The UMAP gradient contains some extra terms compared to the t-SNE version that make it more expensive to calculate. But we can simplify matters considerably by adopting the t-SNE weighting function: the Cauchy distribution, which arises naturally in UMAP by setting the a and b parameters of its weighting function to 1.

The gradient for t-UMAP is therefore:

\[ \frac{\partial C_{t-UMAP}}{\partial \mathbf{y_i}} = 4\sum_j^N \left( v_{ij} - w_{ij} \right) \frac{1}{d_{ij}^2} \left(\mathbf{y_i - y_j}\right) \] which can also be written as:

\[ \frac{\partial C_{t-UMAP}}{\partial \mathbf{y_i}} = 4\sum_j^N \left( v_{ij} - w_{ij} \right) \frac{w_{ij}}{1 - w_{ij}} \left(\mathbf{y_i - y_j}\right) \]

Normalized t-UMAP

A further modification of t-UMAP, that normalizes both the input and output affinities in the style of t-SNE. I have no theoretical justification for doing this, but I was curious to see the effect of normalization on both the results and the ease of optimization was.
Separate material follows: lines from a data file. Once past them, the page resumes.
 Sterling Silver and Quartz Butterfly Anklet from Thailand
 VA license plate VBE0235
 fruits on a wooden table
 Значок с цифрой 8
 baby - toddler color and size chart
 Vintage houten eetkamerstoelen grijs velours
The gradient for normalized t-UMAP is:

\[ \frac{\partial C_{nt-UMAP}}{\partial \mathbf{y_i}} = 4\sum_j^N \left( \frac{p_{ij} - q_{ij}}{1 - q_{ij}} + \sum_{kl} \frac{p_{kl} - q_{kl}}{1 - q_{kl}} q_{ij} \right) w_{ij} \left(\mathbf{y_i - y_j}\right) \]

I’m sure there’s a nicer or clearer or more efficient way to express that, but I wasn’t motivated to find it.

Datasets

See the Datasets page.

Settings

The gr_eps parameter was set to 0.1, the value used in LargeVis, which gives slightly better results than the Python UMAP reference implementation value of 0.001. In smallvis, both the LargeVis and UMAP methods use gr_eps = 0.1 as defaults, but I’m setting it explicitly below in the example code below to avoid ambiguity.
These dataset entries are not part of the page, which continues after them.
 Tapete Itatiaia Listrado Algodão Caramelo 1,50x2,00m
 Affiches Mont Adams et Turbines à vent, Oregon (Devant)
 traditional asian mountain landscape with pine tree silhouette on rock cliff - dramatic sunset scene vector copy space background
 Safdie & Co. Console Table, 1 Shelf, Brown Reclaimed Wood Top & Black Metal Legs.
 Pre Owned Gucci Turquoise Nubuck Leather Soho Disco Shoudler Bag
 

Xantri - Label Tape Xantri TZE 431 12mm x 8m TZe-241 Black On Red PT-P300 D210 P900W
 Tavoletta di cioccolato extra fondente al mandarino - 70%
Smaller values of gr_eps, while preferable for making the gradient more accurate, cause rather erratic behavior in optimization, with lots of tight, small clusters forming, which take a large number of iterations to coalesce, and the results are rarely different from using gr_eps = 0.1. As a brief test, I took the iris and s1k datasets and ran with gr_eps = 0.1 to convergence. Then I starting a second UMAP run with gr_eps = 0.001, gr_eps = 1e-10 or gr_eps = .Machine$double.eps, initialized with the final coordinates of the gr_eps = 0.1 run. In all cases, I saw barely perceptible changes to the coordinates and only a small change to the gradient norm and cost. While this is hardly conclusive proof, it’s reasonable to proceed with gr_eps = 0.1.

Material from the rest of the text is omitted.